En discussion depuis le 16 octobre 2023
Question abordée
Faut-il créer une infraction pénale spécifique d'« homicide routier » pour mieux reconnaître la gravité des drames causés par des conducteurs ayant adopté un comportement délibérément dangereux ?
Présentation du texte
Cette proposition de loi, déposée en octobre 2023, répond à une demande ancienne des associations de victimes de la route : que la mort ou les blessures graves causées par un conducteur ayant pris des risques délibérés (alcool, stupéfiants, grand excès de vitesse, téléphone au volant, absence de permis…) ne soient plus qualifiées d'« homicide involontaire » mais d'« homicide routier ». La distinction vise à mieux refléter la réalité de la faute : si le décès n'était pas voulu, le comportement dangereux à l'origine, lui, était bien volontaire. Concrètement, le texte crée trois nouvelles infractions autonomes dans le code pénal : l'homicide routier, les blessures routières entraînant une incapacité de travail supérieure à trois mois, et celles entraînant une incapacité inférieure ou égale à trois mois. Ces infractions ne sont constituées que lorsqu'au moins une circonstance aggravante est présente (alcool, stupéfiants, grand excès de vitesse, délit de fuite, téléphone tenu en main, conduite sans permis, etc.). Hors circonstance aggravante, les qualifications d'homicide involontaire et d'atteinte involontaire à la personne continuent de s'appliquer. Le texte renforce également les peines complémentaires : annulation obligatoire du permis de conduire pour tout homicide routier ou blessures graves, confiscation obligatoire du véhicule en cas de récidive ou de conduite sans permis, obligation d'un éthylotest anti-démarrage pour les condamnés en état d'ivresse. Il étend aussi la possibilité de saisir un véhicule appartenant à un tiers qui savait que le conducteur était ivre, drogué ou dépourvu de permis. L'article 2 assure la mise en cohérence des autres codes (pénal, fiscal, de procédure pénale, de la route, des transports) avec les nouvelles références créées par l'article 1er.

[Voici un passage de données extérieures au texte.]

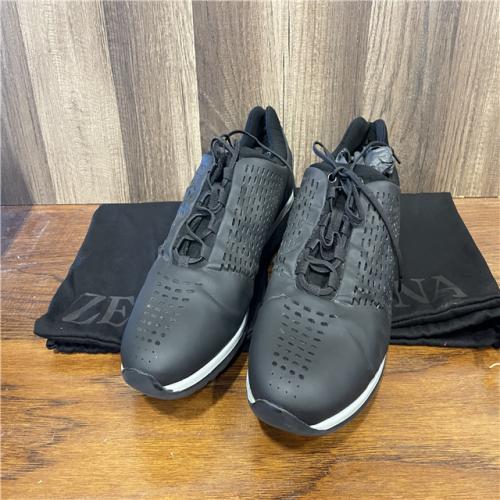 ZEGNA Sprinter 300 Sport Sneaker - Black SZ 10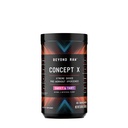 BEYOND Rh Concept X, Klinik olarak Pre-Workout Toz, Contains Caffeine, L-Citrulline, Kretine ve Beta-Alanine, Sweet & Tart Flavor, 20 Hizmetler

Crée trois nouvelles infractions pénales autonomes dans le code pénal — homicide routier (art. 221-19), blessures routières avec ITT > 3 mois (art. 221-20) et blessures routières avec ITT ≤ 3 mois (art. 221-21) —, définit sept circonstances aggravantes et établit un régime de peines complémentaires dont certaines sont obligatoires (art. 221-22).
Met en cohérence le code général des impôts, le code pénal, le code de procédure pénale, le code de la route et le code des transports en y ajoutant les références aux nouveaux articles 221-19, 221-20 et 221-21.